À atenção do mundo empresarial

A equidade exige, de facto, muito mais do que sistemas de IA que não discriminam.

Numa altura em que se fala cada vez mais de produtividade e dos ganhos da IA (‘inteligência artificial’), a automação da gestão dos recursos humanos (RH) nas empresas é uma realidade que devemos obrigatoriamente conhecer. Empregadores e trabalhadores, em particular sindicatos e associações empresariais, precisam rapidamente de ganhar consciência e formação acerca das vantagens e dos riscos destas novas ferramentas. Isto se querem potenciar oportunidades e diminuir conflitos, ganhando um lugar à mesa neste novo mundo, sobrelotado de espetadores.

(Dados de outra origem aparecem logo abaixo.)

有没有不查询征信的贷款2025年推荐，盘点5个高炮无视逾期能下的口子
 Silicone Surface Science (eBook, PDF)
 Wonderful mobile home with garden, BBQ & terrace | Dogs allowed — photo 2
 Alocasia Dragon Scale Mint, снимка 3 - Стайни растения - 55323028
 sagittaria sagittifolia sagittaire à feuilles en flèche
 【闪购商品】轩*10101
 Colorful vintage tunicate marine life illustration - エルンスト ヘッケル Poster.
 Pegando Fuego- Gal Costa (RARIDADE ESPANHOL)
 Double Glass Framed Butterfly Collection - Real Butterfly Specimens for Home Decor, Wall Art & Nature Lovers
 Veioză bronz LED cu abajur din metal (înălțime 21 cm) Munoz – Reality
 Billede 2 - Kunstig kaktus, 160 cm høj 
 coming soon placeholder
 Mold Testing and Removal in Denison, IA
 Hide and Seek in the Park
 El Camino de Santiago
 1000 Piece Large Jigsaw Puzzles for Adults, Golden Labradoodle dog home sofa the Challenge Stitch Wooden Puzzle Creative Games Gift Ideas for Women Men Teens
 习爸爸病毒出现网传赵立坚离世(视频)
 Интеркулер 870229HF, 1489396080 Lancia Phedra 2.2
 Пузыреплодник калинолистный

Há não muito tempo, num artigo de opinião, chamei exatamente à atenção para a importância do diálogo social na mitigação das profundas assimetrias e desigualdades que se podem começar a instalar fruto de défices de informação que, por diversas razões, continuam a existir nesta matéria.

Na área do recrutamento, os casos que começam a chegar aos tribunais, ainda poucos, demonstram bem a complexidade e o desafio de encontrar uma abordagem equilibrada entre os ganhos da automação e os direitos fundamentais. Note-se, desde logo, que na maior parte das vezes os candidatos tampouco sabem que se usa IA, o que torna improvável uma ação de responsabilização.

Não se questiona o potencial destes sistemas para tornar o recrutamento mais eficiente, mas não podemos ignorar as questões de equidade e justiça que se começam a colocar.

Há um caso recente que valerá a pena seguir. Nos Estados Unidos, Derek Mobley é o autor de uma ação coletiva contra a empresa Workday, uma plataforma de software de gestão de RH, acusada de discriminação devido ao software de IA utilizado nos processos de contratação. Mobley alega ter sido injustamente rejeitado, por clientes que utilizam a plataforma, em mais de 100 candidaturas, sendo vítima de discriminação racial, em função da idade e em razão da deficiência. A empresa, por sua vez, argumenta que não é uma empresa de recrutamento e que os clientes são os únicos responsáveis pela configuração das ferramentas e o controlo das candidaturas. O caso segue agora para julgamento, assumindo-se que apesar de não ser uma empresa de recrutamento, tem um papel relevante na contratação, pelo que passível de violar os princípios da igualdade e da não discriminação.

O futuro da regulamentação e da utilização da IA no mercado de trabalho dependerá muito destes casos, assim como naturalmente da reação das empresas, ainda pouco conscientes dos riscos legais e reputacionais envolvidos. Mais um exemplo. Na Áustria, o Supremo Tribunal Administrativo confirmou, há pouco tempo, que a utilização de um algoritmo, pelo Serviço Público de Emprego, para categorização de candidatos, definindo perfis, qualifica-se como decisão automatizada para efeitos do artigo 22 do RGPD, pelo que é proibido.

Sem dúvida que a automação da gestão de recursos humanos (RH) vai avançar, mudando a estrutura e a forma como o trabalho está organizado. Os parceiros sociais devem ser capazes de acompanhar e moldar estes processos de forma responsável. Confesso que o que mais me tem impressionado é o desconhecimento generalizado de muitos destes desenvolvimentos e a desproteção que daqui decorre. Não há melhor barómetro do que as redes sociais, onde já temos influencers que se dedicam a ensinar truques para ultrapassar estes algoritmos.

Há que reforçar a transparência, a formação e sistemas de certificação e auditoria capazes de mitigar os riscos que podemos reconhecer e assumir em nome de um ideal de eficiência. A equidade exige, de facto, muito mais do que sistemas de IA que não discriminam. É em nome de uma igualdade de oportunidades, que é preciso fazer mais e melhor.